In mid-March, Okonjo-Iweala visited Nigeria for the first time since becoming director-general and met with Buhari, who she thanked for backing her leadership bid. She pledged the WTO’s support for the country, but was not afraid to take on thornier topics.
Okonjo-Iweala confirmed that the organisation was concerned about Nigeria’s foreign exchange management and how it had been used to support manufacturing, exports and imports.
In particular, members took issue with the way Nigeria invoked the WTO’s agreement on balance of payments to conserve foreign exchange. Some WTO members had brought complaints against Nigeria, she said, and urged the country to explain its foreign exchange regime to the WTO and those members.
“So, yes, the WTO is concerned about foreign exchange, the way we [Nigeria] manage it and how we use it to support manufacturing, export and import in our economy,” she said.
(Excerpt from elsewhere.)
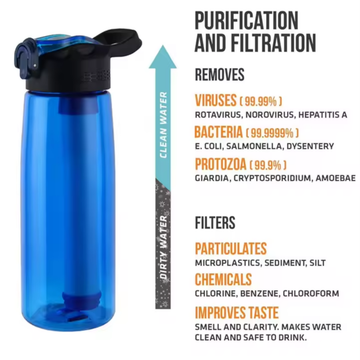 PuroFlow Sports Bottle With Filter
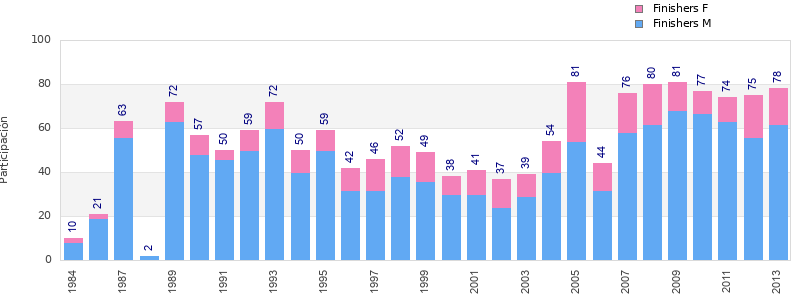 Finisher history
She also hinted that the country must do more to boost the attractiveness of its exports: “WTO will do more to help Nigeria, but we need to add value to our products to trade more. We should exploit all the opportunities in front of us.”
Mba says that Okonjo-Iweala’s words will resonate in Nigeria.
“Okonjo-Iweala as WTO DG will be in a better position to speak to them and they will listen. She has to tell Buhari that having a restrictive trade regime is not good for the country. She has to make him realise that relaxing restrictive trade policies or eliminating or abolishing them totally will make the economy grow. Okonjo-Iweala needs to explain to him that Nigeria needs technology transfer and Nigeria needs to honour trade agreements. Exporters and importers need to have access to forex.”
Towards a freer trading future
Okonjo-Iweala may also help to persuade a reluctant Nigeria to engage more constructively with the AfCFTA, which is designed to tear down trade barriers across Africa and usher in a new era of continental free trade. In her visit to the country, Okonjo-Iweala called the agreement “a unique opportunity for us to be able to engage commercially with other African nations to boost exports”.
There are signs that the AfCFTA is already wielding a positive influence over Nigeria’s trade policies. The reopening of Nigeria’s borders in December came shortly after Nigeria ratified the agreement. Trade experts had argued that border closures would be a significant bar to the successful implementation of the agreement.
Ultimately, Okonjo-Iweala’s responsibilities stretch far beyond supporting her home country. While she can offer advice, publically and privately, it will be up to Buhari whether Nigeria follows Okonjo-Iweala’s lead and embraces multilateralism or reverts to protectionism. But the WTO and the AfCFTA hold out the opportunity of a freer trading future.